"Lequel est ton chapeau ?"

Translation:Which one is your hat?

March 24, 2013



Would "Which hat is yours" work?

September 26, 2017


Duo doesn't accept, although sounds correct to me (English is not my native language)

February 18, 2018


More common response Simple message

March 5, 2019


Why "lequel" and not "quel"??

March 24, 2013


"lequel" implies there is a choice among several hats.

March 24, 2013



March 26, 2013


I encountered "quel" in the sentence translating to "which horse is black?", which seems similar to this sentence. So when should "lequel" or "quel" used?

May 24, 2013


Actually, you could meet both sentences meaning quite the same thing:

  • "Lequel est ton chapeau?": more common, popular, it implies more the idea of "which one among those hats (we're seeing/talking about, etc.)"

  • "Quel est ton chapeau?": a bit more formal, and more vague also. With this example, I can imagine that being asked at a cloakroom, there are plenty of hats and the guy lost his number or whatever.

It is clearer with another example: "What's your favourite animal?" or "Which is your favourite animal":

  • "Quel est ton animal préféré?": your favourite animal among all the existing (or extinct) animals in the universe, i.e. "What is...?"

  • "Lequel est ton animal préféré?": which one among those (here / we're looking at / we're talking about / etc.), i.e. "Which is...?"

So, non, it's not simply a question of "quel + noun" and "lequel" standing alone. Yes indeed, "lequel" will always be alone (or "lequel de ces animaux...", "which of those animals..."), but "quel" is not automatically seen just next to the respective noun, cf "Quel est ton animal préféré?", "Quelle est votre adresse", "Quel est le chemin le plus court?", etc.

Hope it helps.

November 13, 2013


"quel" is an adjective which needs a noun: quel cheval ?

"lequel" is a pronoun, used as a noun: lequel est ton cheval ?

May 24, 2013


Because even in English, that means something else:

  • "Is that your hat?" = you're showing one specific hat and you're asking IF that's mine

  • "Which is your hat?" = you have two or more hats in front of you and you're asking WHICH ONE is mine.

In French, those two different questions give respectively:

  • "Est-ce ton chapeau?" (quite formal). More informal: "Est-ce que c'est ton chapeau" or "C'est ton chapeau?". All 3 forms have exactly the same meaning.

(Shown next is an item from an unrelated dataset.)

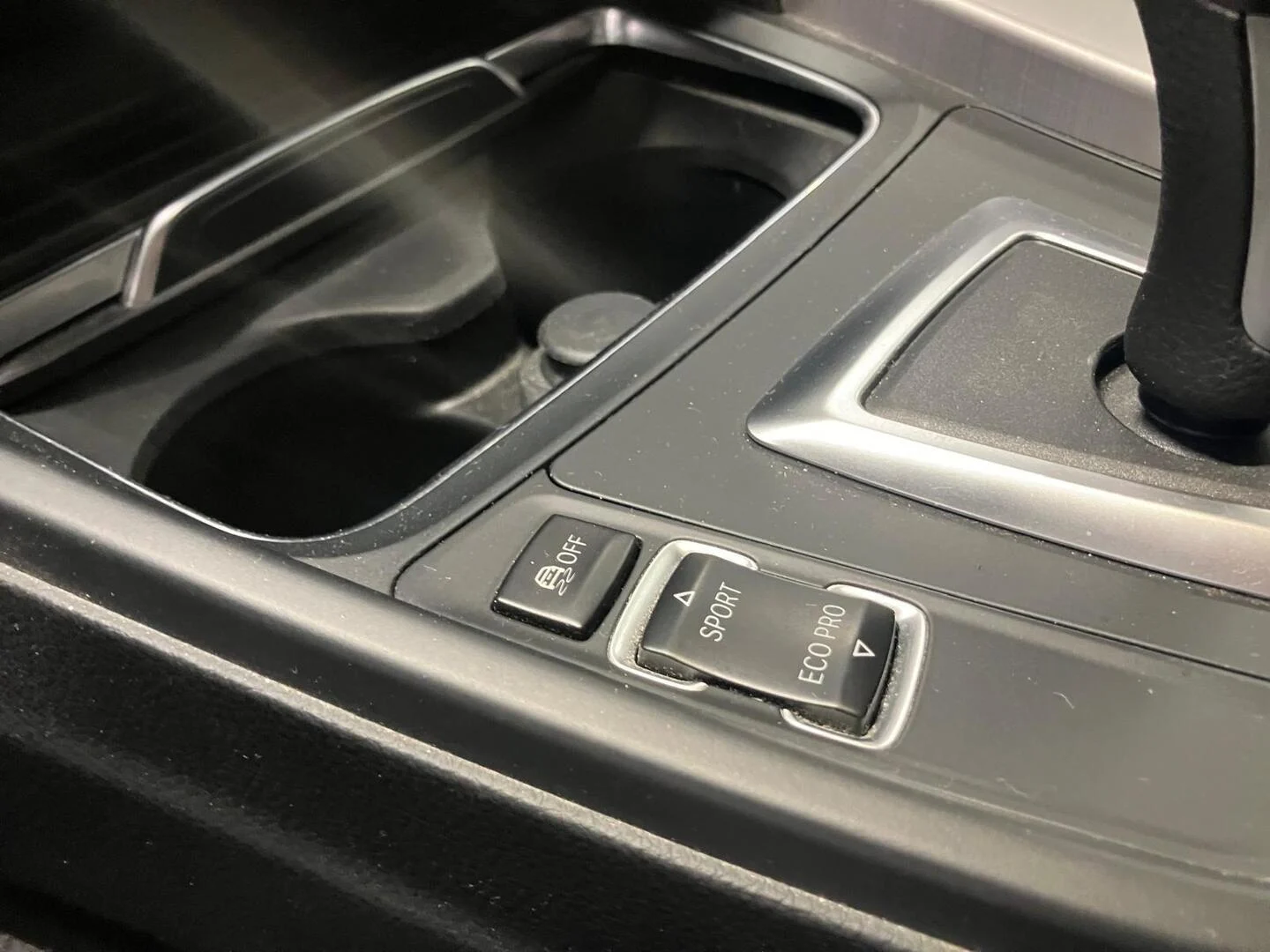 Car Image - 2m2tMUWvv7NxY3gFQp6DeA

  • "Lequel est ton chapeau?"

Basically, "quel" or "lequel" ask about "what (exactly)", "which", "which one", etc. Whereas a question like "Is that...?" (simple inversion) asks "whether or not" - that would be an inversion in French too (or "Est-ce que...?", or just a clear intonation showing it's a question).

January 27, 2014


hey sitesurf, why is "is that yuor hat" wrong?

January 27, 2014


Hokay... I get it now. =D Thanks!

January 30, 2014


Looks like lequel translates to 'which one' and quel translates to 'which'. So, lequel est ton chapeau = which one is your cap. Quel est ton chapeau = which is your cap.

July 9, 2015


Okay, this is really bizarre. French must've changed in the 30 years that I had to speak/write it, or maybe somewhere I just wasn't taught this whole "laquelle" and "lequel" thing. Seriously, this is messing me badly on these test-outs. We were always taught "que", "quel", and "qui" and the various. And I don't recall (from my time living in France, but that was long, long ago) any "laquelle"s or "lequel"s. Am I just...going senile or something?

September 14, 2014


lequel, laquelle, lesquels, lesquelles are interrogative or relative pronouns.

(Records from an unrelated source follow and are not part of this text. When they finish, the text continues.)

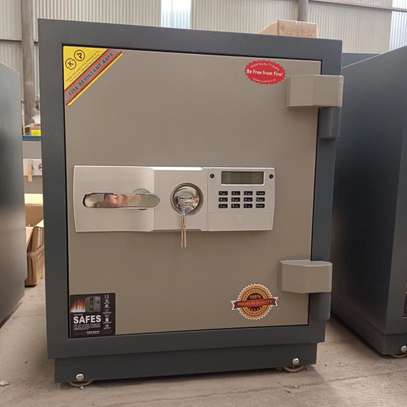 Office Safe : Office 28KG Executive Fireproof Safe image 1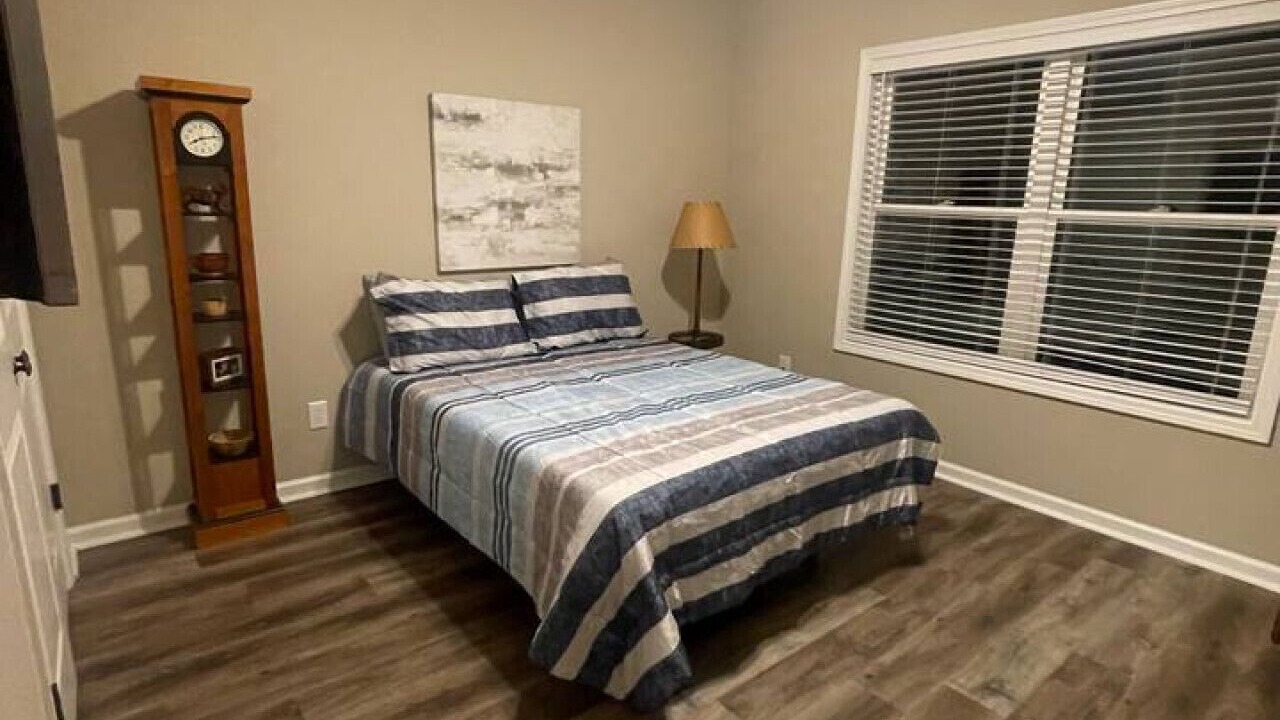 Photo of Bedroom in Dahlonega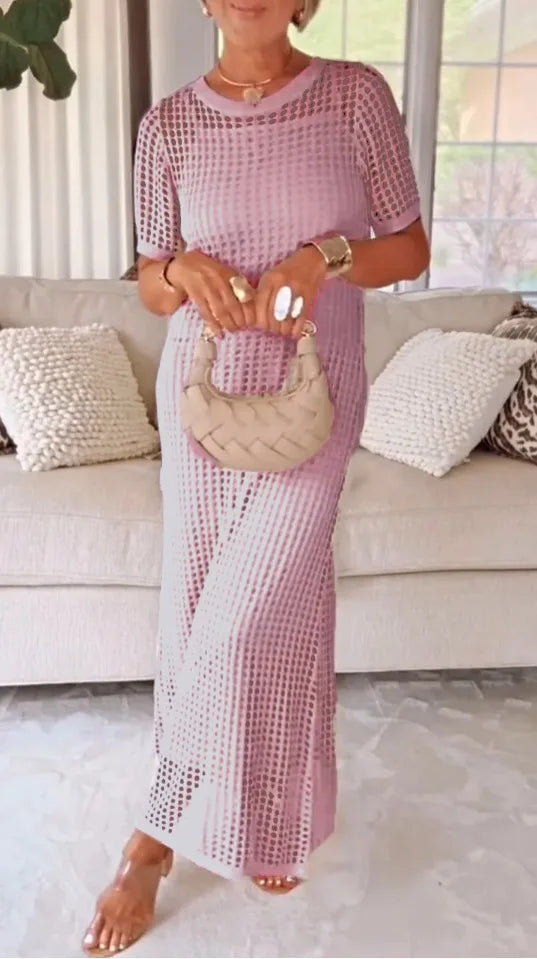 Découvrez notre Robe Élégante en Crochet™, conçue pour sublimer la silhouette avec légèreté et confort. Son tissu fluide et respirant épouse délicatement les formes sans comprimer, tandis que les détails ajourés en crochet apportent une touche artisanale unique. Polyvalente et raffinée, cette robe mi-longue se porte aussi bien lors d’une promenade estivale que lors d’un déjeuner chic en terrasse. Confectionnée en séries limitées, elle combine style intemporel et modernité, idéale pour celles qui recherchent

They generally correspond to "which one, which ones" or "which/what" depending on the construction of the sentence:

  • among these hats, which one is yours? = parmi ces chapeaux, lequel est le tien / lequel est à toi ?
September 15, 2014


Why...did people downvote me on that. That's not nice--I was just saying that I'd never encountered it, even when I was living in the south of France. But thanks for explaining it.

September 15, 2014


why lequel instead of lesquelle?

November 22, 2013

  • "ton chapeau": "ton" is singular for "your"; "chapeau" is the singular form of "hat". "Chapeau" is a masculine noun in French (UN chapeau, LE chapeau), hence "ton" and not "ta".

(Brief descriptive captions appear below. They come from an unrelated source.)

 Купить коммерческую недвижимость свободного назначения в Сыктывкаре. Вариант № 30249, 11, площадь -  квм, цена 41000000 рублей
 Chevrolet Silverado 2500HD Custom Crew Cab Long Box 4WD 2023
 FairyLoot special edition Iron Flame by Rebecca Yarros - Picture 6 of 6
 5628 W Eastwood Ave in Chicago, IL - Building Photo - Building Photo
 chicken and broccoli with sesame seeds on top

  • plural "hats" would be "chapeaux", which differs only in writing and indeed sounds exactly the same as the singular form. Yet, with the rest of the question having "est" and "ton" (singular forms of "to be" and "your"), it can only be about "chapeau" in the singular.

  • therefore, the question word at the beginning of the question ("Which...?") MUST be singular AND masculine, in agreement with the main subject of the sentence, i.e. "ton chapeau". That's a basic grammatical rule in French: articles, pronouns, adjectives, roughly every word grammatically related to a noun, change their form according to the gender and number of the noun they relate to.

  • so, here: "lequel" = singular masculine form for the equivalent of "Which one" in English. While "lesquelle", as you wrote it, doesn't even exist. If not "lequel", It can only be either "lesquels" (masc. plural), "laquelle" (feminine singular) or "lesquelles" (feminine plural), so "lesquelle" is nonsensical since it has the mark of plural at the start ("les-") but no at the end ("-quelle").

But again here, with the rest of the sentence, you should deduct that it is "lequel".

  • so even though "quel", "quels", "quelle" and "quelles" all sound the same, and even if you can't hear the difference yet between the "le" and "les" sounds, however you should know those differences and their reasons why - grammatically and so when you write.
November 22, 2013


Merci beaucoup

December 21, 2013


I translated as 'which hat is yours?' This is exactly the same as the stated correct translation 'which one is your hat?' Both imply there are multiple hats (not necessarily just two) and that the real question is about 'your' ownership of one of them.

November 28, 2017


Please back translate your sentences to check if you get back to the original sentence exactly.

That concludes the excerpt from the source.